Furthermore, after analyzing the data, the Artificial Intelligence will provide the user with tailored exercises to help strengthen and repair their postures. The wearable device is made from high-quality material and can be worn underneath clothing. A PCB along with the Wi-Fi/Bluetooth module and the sensor chip are inside a custom-built container which can be seen in figure. 

Mobile App

The last part is the mobile application which has been developed specifically for dental professionals. It is easy to use and features real-time display of posture changes.
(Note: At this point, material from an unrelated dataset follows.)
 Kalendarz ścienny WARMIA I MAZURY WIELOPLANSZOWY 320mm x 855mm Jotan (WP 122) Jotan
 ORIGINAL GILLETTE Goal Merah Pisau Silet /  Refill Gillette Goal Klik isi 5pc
When deviating from the correct posture for specific dental procedures, both the device and the cellphone will vibrate to notify the users of their poor posture. The app is customizable so that the user can change some of its features to better suit their needs.  It will also log user’s posture throughout the day, gives corrective daily exercises for the neck and back based on recent postures and suggests healthier functionally equivalent postures. 

Chair Position Sensor

The second part is the sensor chip that is attached to the users’ chair. This sensor will provide the standard sitting position for the user which depends on the selected tooth and operation. Deviating from the standard sitting position results in harmful postures since the dental professional will need to extend his/her reach, and/or acquire poor posture. The device will vibrate to notify the user about poor positioning of the chair.